Sudan summoned on Thursday US charge d'affaires Steven Koutsis to protest President Donald Trump's revised travel ban which bars its citizens from entering the United States.
"The US charge d'affaires was informed of Sudan's discontent over the decisions issued by the American adminstration on March 6," the foreign ministry said.
"The Sudanese under-secretary informed him that this order failed to reflect Sudan's major cooperation in fighting terrorism."
Koutsis is the most senior diplomat at the US embassy in Khartoum.
On Monday, Trump signed a revised ban on refugee admissions and new visas for travellers from six Muslim-majority nations -- including Sudan.
It came after a first ban -- which had also included Iraq -- was frozen by US federal courts.
Khartoum's decision to summon Koutsis came two days after it issued an angry reaction to Trump's new visa ban.
"Sudanese citizens have never been involved in any crimes or terrorism in the United States," Sudan said on Tuesday as it condemned Trump's revised ban.

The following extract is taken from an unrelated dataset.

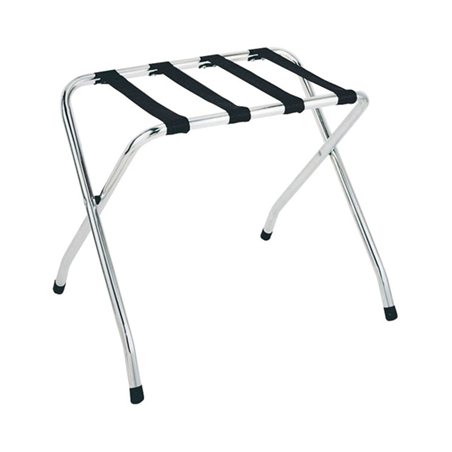 Image POSE VALISES PLIABLE SANS DOSSIER 'ARROW'  66x36,5x56 CM CHROME ACIER (1 UNITÉ) #1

On Thursday, Sudanese under-secretary Abdelghani Al-Naiem told Koutsis that Khartoum was in fact looking forward to Washington dropping Sudan from its blacklist of state sponsors of terrorism, the ministry said.
Before leaving office, president Barack Obama eased decades-old US sanctions against Sudan, but kept Khartoum on the blacklist.
Sudan was designated a state sponsor of terrorism in 1993 and has been subject to a US trade embargo since 1997 over its alleged support for Islamist groups.
Al-Qaeda leader Osama bin Laden was based in Khartoum from 1992 to 1996.
Washington believes Khartoum's terror ties have ebbed, but has kept sanctions in place because of the scorched-earth tactics it has used against ethnic minority rebels in Darfur.
An end to fighting in Sudan's hotspots -- Blue Nile and South Kordofan states as well as the Darfur region -- had been set as a precondition for sanctions being lifted.
Sudanese officials have however regularly called for improving relations between the two countries.